Thursday, April 26, 2007

Soul Cravings

I’ve gotten through the first 17 journal entries in Erwin McManus’ book, Soul Cravings, and as I’m reading each one I keep thinking, “oh I should post this, it’s really good stuff” but then I keep reading and all of it is just so good, so I highly recommend it because I can’t post the whole book on here.

One part really stirred me though. McManus talks about our need or craving for intimacy and love not only with and from God, but with each other. He has even gone as far to say that it is really in the context of people that you find your identity. And not just anyone, healthy people. Our identity or how self-aware we are comes from our interactions with others.
So this got me thinking, this semester my classes have been about theory. One class focused in on Student Development Theory. Basically, they are ideas that people (educated people) came up with to try and explain how identities develop in college students. Identity development is classified as phenomena, it's not the same for everyone, and all we can do is know the proxemics of the possibilities of how a person develops.

In this class, I was asked to write my college experience story in the context of one theory. I won't bore you with all the connections to theory, but the one thing that stood out, particularly after reading what McManus said, is how without particular people in my path, I do not know if I would know myself the way that I do.

What I mean is that this gift of being able to see myself through someone else’s eyes changed the way my eyes see.

It is one thing to know that I was created in the image of God and that nothing can separate me from the love of Christ, blah, blah, blah, BUT it is a complete other thing for someone close to you or even a stranger to say or do something that reflects that knowledge. And trust me most of these times of seeing myself through others has not been fun, in fact they were usually painful and ugly.

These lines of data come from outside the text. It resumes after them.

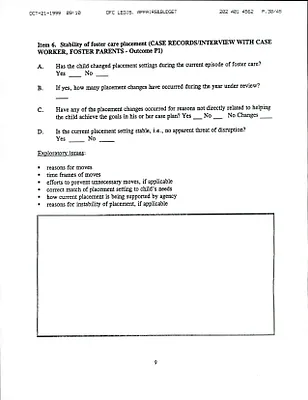 p. 31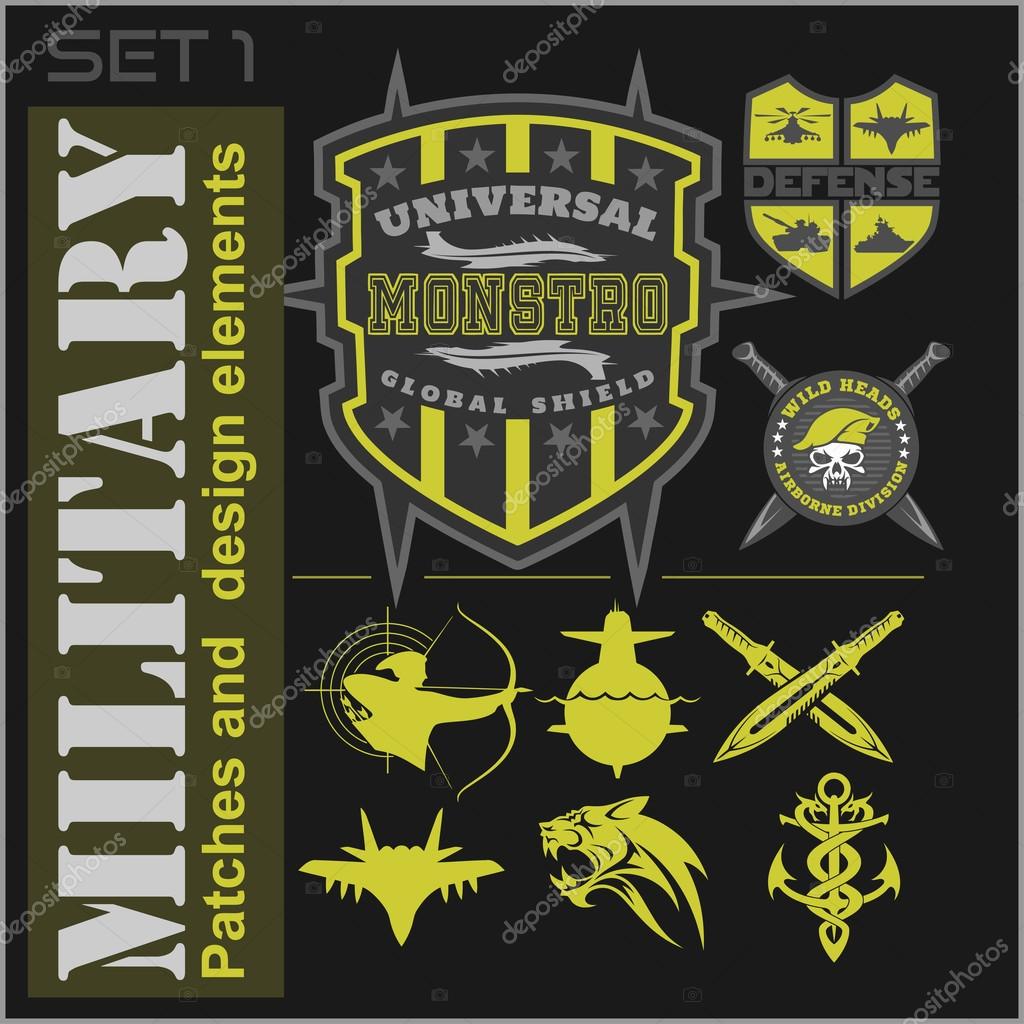 Digital-Clipart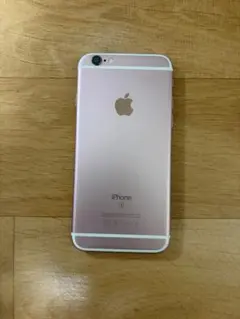 2025年最新】iphone6 ジャンクの人気アイテム - メルカリ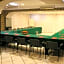 Hotel Shangri-La Roma by OMNIA hotels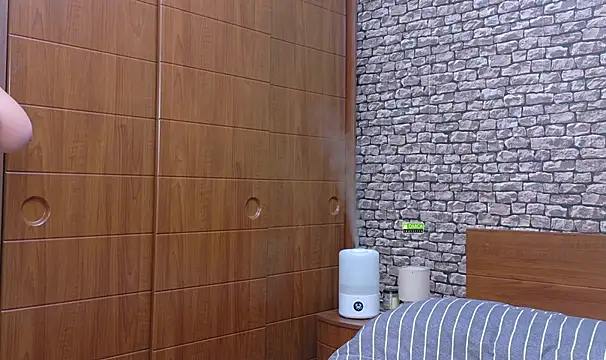 Snapshot of CuteBlondeMe chatting on 30, 10, 2025 CuteBlondeMe online show from 30, 10, 2025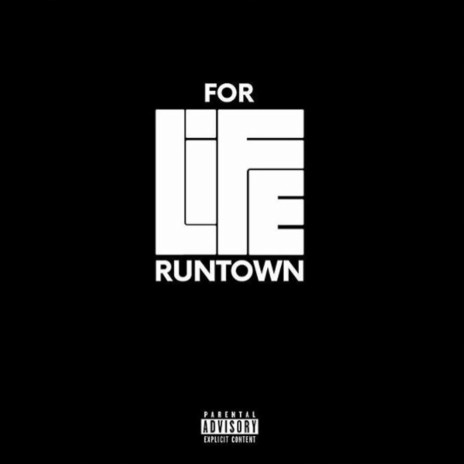 For Life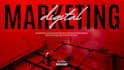 create custom powerpoint and canva presentation designs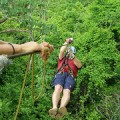 Things to Do in Mal Pais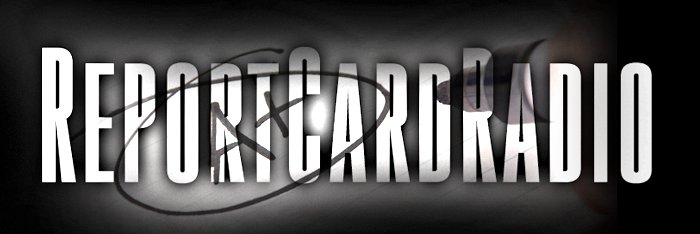 MadeUHot's profile banner image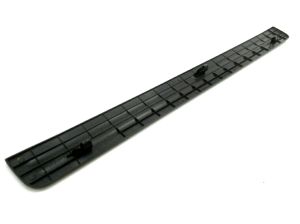 PLINTH MOLDING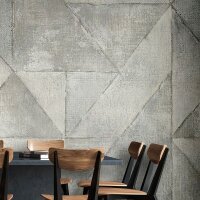 Digitaldruck-Tapete Gerit Marburg (47312)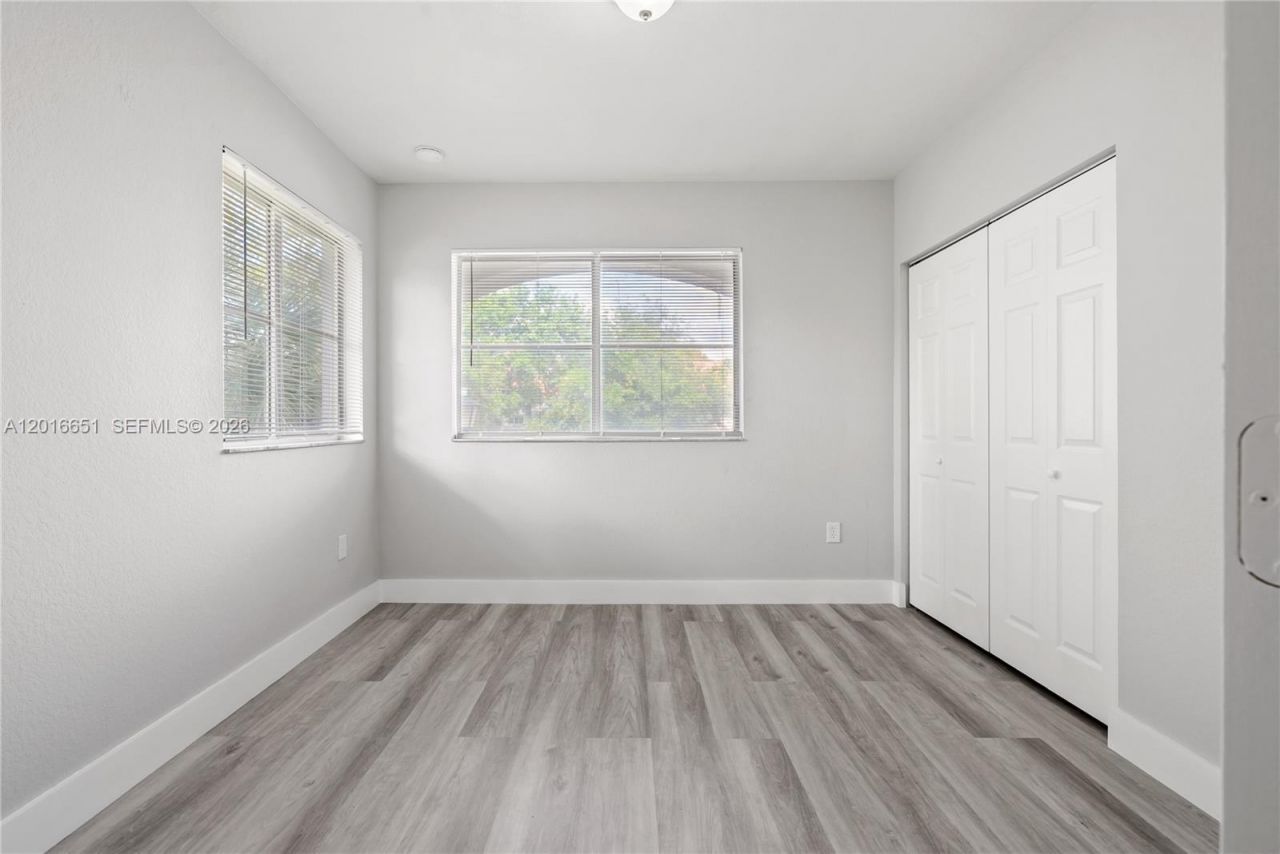 2551 SW 83rd Ave , Unit 107, Miramar, FL 33025 Photo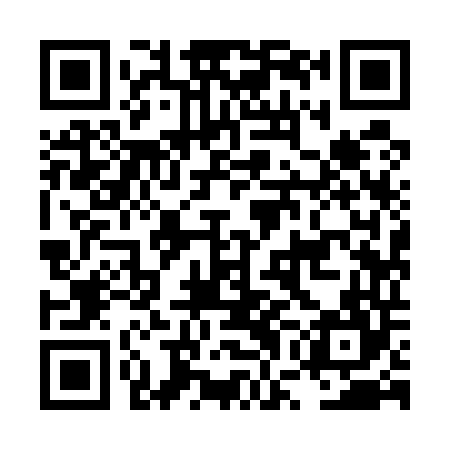 QR code for LWI544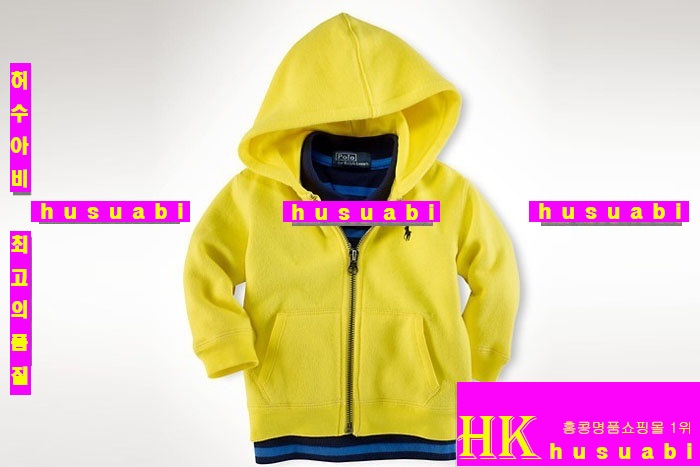 ���� �ĵ����� Ű��PO-8852-16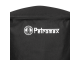 Petromax Abdeckhaube für Pyron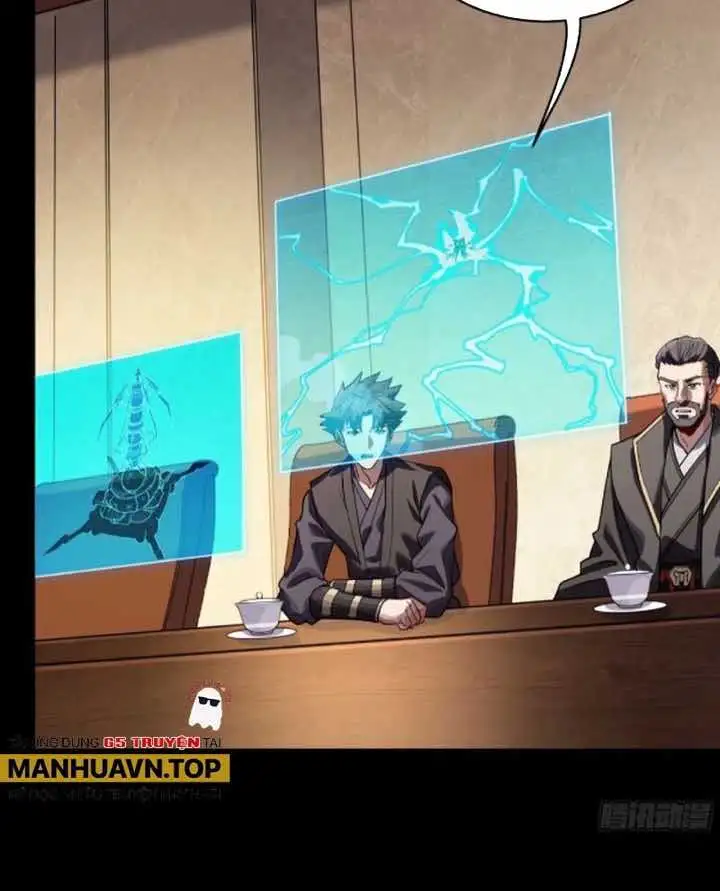 Chapter 266 - Image 23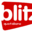 www.blitzquotidiano.it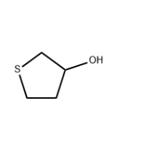 TETRAHYDRO-THIOPHEN-3-OL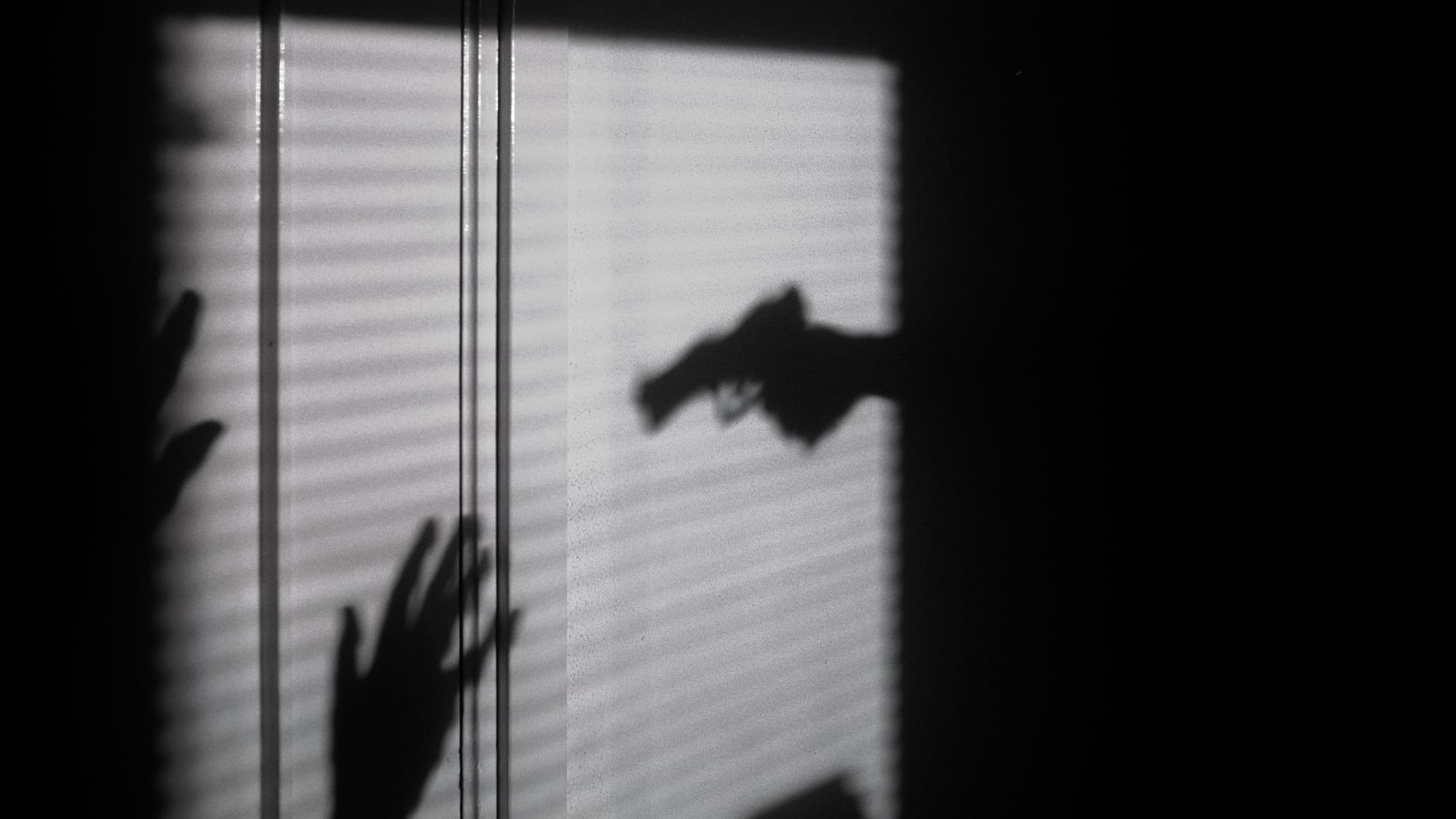 Hawks Crack Decades-Old Murder of Anti-Apartheid Activists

The best example I can think of is to tell you about my friend Lissa and I. She and I could not be more opposite personalities; it was as if we spoke completely different languages. Yet, at first sight we thought we were meant to be friends, we were both starting college a little older than everyone else and we had the same interests and we were neighbors. Digging further into knowing each other we recognized the difficulties our personality differences were making. Most of my friendships up to that point were short-lived for one reason or another, so naturally I thought well we don't get along so we probably just won't be friends. But Lissa would not allow that, I’ll never forget that night sitting in our dorm room and her looking me square in the face and telling me "We're friends and that means good or bad you're stuck with me because I love you no matter how hard this relationship becomes." Of course I was balling my eyes out (hey I’m a girl) but it was because I had never experienced someone so fiercely fighting to keep me in their life, nor anyone so committed and what’s more I didn't deserve her friendship.
That night and my friendship with this amazing girl changed my life forever. It allowed me the freedom to make mistakes and fall without the fear that I would end up alone. Because of Lissa and a host of friends that followed I was able to let out all the ugly parts of myself and take a deep gaze. It was so painful. But walking through the mucky parts with my friends holding my hands the whole way made it possible to let go of the muck and become something new.
The reason I can know myself today is a result of others choosing to know me also and the gift of their friendship allowed me to get glimpses for good or bad of who I am and who I am meant to be.

They showed me in real life what unconditional love looks like and how to identify myself as a created thing by this great God.

You will never know the impact someone will have on your life, nor will you know the impact you could have on others, so keep your eyes open.